La Pléaide

1925

«Blaise Cendrars qui fut, mais avant tous autres, dadaïste, surréaliste, etc., nous donna, même dans cette forme outrancière, des œuvres remarquables, qui lui valurent une réelle célébrité dans le petit monde des lettres. L'Or, la merveilleuse aventure du général Johann August Suter, est son premier roman.» Ainsi commence le «Vient de paraître» diffusé en mars par Grasset.

Outre une erreur de détail (il faut lire «histoire», et non pas «aventure»), il comporte un avertissement opportun : «Sans doute ce n’est pas une œuvre du genre de Kodak, de Formose, de Feuilles de route, de J'ai tué» — pas plus que du genre de La Prose du Transsibérien, peut-on ajouter : le poète, l'expérimentateur, s'est mué en romancier, et L'Or, qui évoque un personnage historique — un Suisse devenu « le premier milliardaire américain » puis ruiné par la ruée vers l'or —, restera dans son œuvre un roman atypique, comme taillé pour le cinéma, et qui sera d'ailleurs adapté, médiocrement.

Le cinéma a été après la Grande Guerre la passion de Cendrars, qui fut figurant, scénariste, réalisateur. Passion malheureuse… Blaise y renonce, part en février 1924 pour le Brésil, et à son retour s'enferme chez lui, près de Versailles, du 24 novembre au 31 décembre, pour écrire L'Or.

Quarante jours de rédaction, mais plus de douze années d'incubation. Frédéric Sauser, futur Cendrars, aurait lu dans son enfance un texte sur Suter, paru dans un périodique, Le Messager boiteux. Et il est l'ami du sculpteur suisse Auguste Suter, homonyme du général. En 1912, Auguste envoie à Freddy une brochure en allemand; signée d'un certain Martin Birmann (dont Cendrars donnera le nom à un personnage de L'Or), elle s'intitule Général Joh. Aug. Suter. «Quel grand destin a été celui de votre grand-père !» répond Freddy, persuadé que son ami est un descendant du général. «Un homme ruiné par la découverte de l'or! Magnifique! Magnifique! Magnifique !» En 1915, depuis les tranchées, il écrit à Suter : «Il n'y a plus que des choses comme les aventures du général Suter qui m'intéressent encore.» En avril 1916, il lui demande s'il dispose de documents sur son «grand-oncle» ; et en 1917 il porte sur lui un calepin sur lequel, dit-il à sa compagne, il écrira l'histoire du général Suter. Il n'en fait pourtant rien avant 1924. Le Brésil a-t-il été l'étincelle ? L' «écriture est un incendie », mais «la spontanéité du feu reste mystérieuse» (L'Homme foudroyé).

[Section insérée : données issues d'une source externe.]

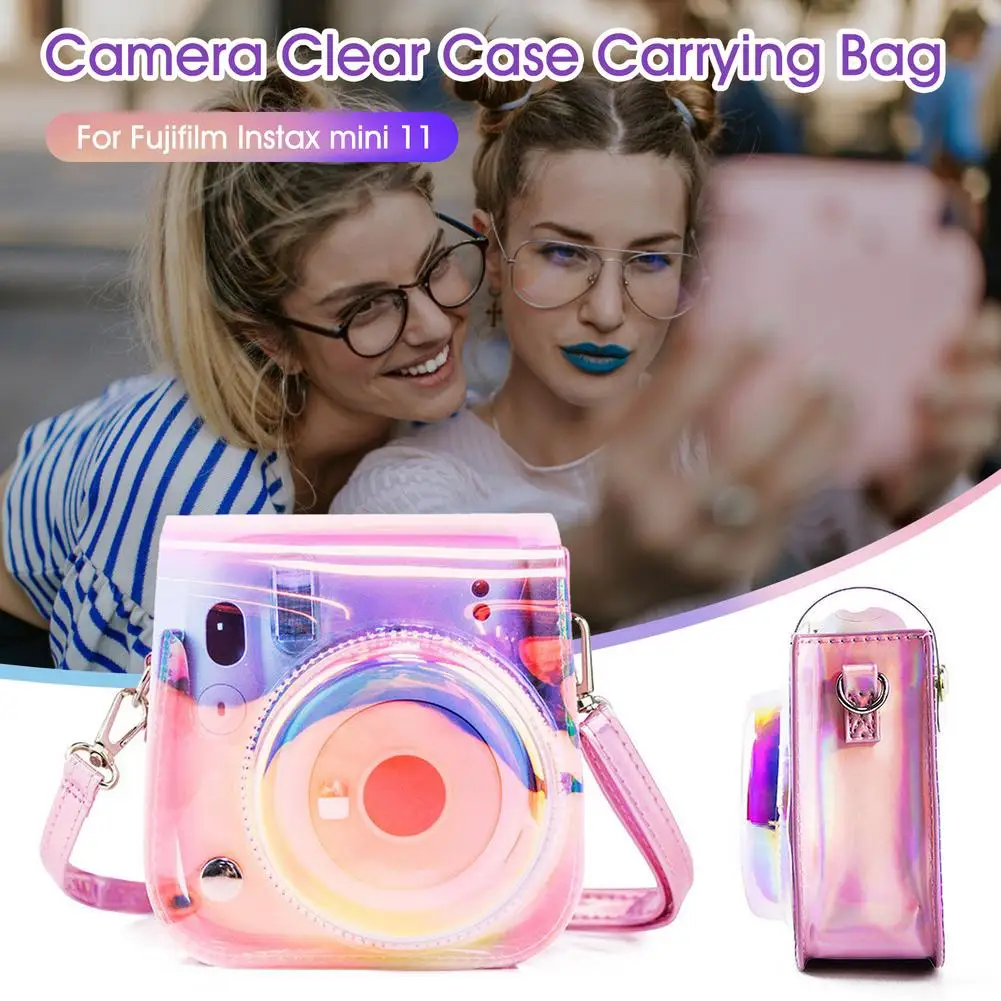 Camera Package Mini11 Transparent Magic Color Bag PVC Laser Storage Photography For | Электроника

L'Or doit beaucoup à la brochure de Birmann, mais c'est une œuvre de Cendrars. En 1925, la critique salue la figure du général — «une destinée née sous la patte velue d'un Dieu qui s'amuse» (L'Homme libre, 16 avril) — autant que le livre. Dans la NRF, Joseph Delteil, le premier, dresse un parallèle entre le personnage et l'auteur, non sans souligner que c'en est fini du Cendrars des Poèmes élastiques. Le succès est là.

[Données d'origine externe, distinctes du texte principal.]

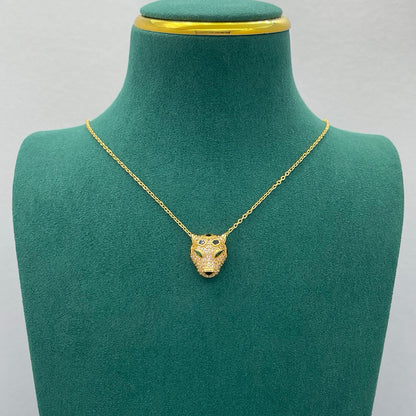 [OAK JURI]PANTHERE FULL DIAMOND NECKLACE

Une traduction américaine, Sutter's Gold, paraît en 1926. Bientôt, tous les Suter, Sutter ou Souter de Californie accablent Cendrars de demandes : les héritiers (présomptifs) du général sentent le filon. Les historiens (ou assimilés) américains détaillent les erreurs factuelles commises par un «aventurier» français, et la congrégation morave évoquée dans L'Or s'indigne que l'on ait «calomnié impitoyablement le caractère d'une très noble secte religieuse»… «J'ai fait œuvre d'artiste », se défend l'auteur, qui n'a certes pas écrit la biographie de Suter, mais sa «merveilleuse histoire». Sans doute a-t-il été plus séduit par le destin de la traduction russe due à Victor Serge : Staline l'aurait lue et en aurait tiré l'idée de faire prospecter les gisements aurifères de l'Union soviétique ! Vrai ou faux ? «Il ne faut rien exagérer», répond Cendrars, qui ajoute tout de même : «D'autres témoignages insistent sur ce point.»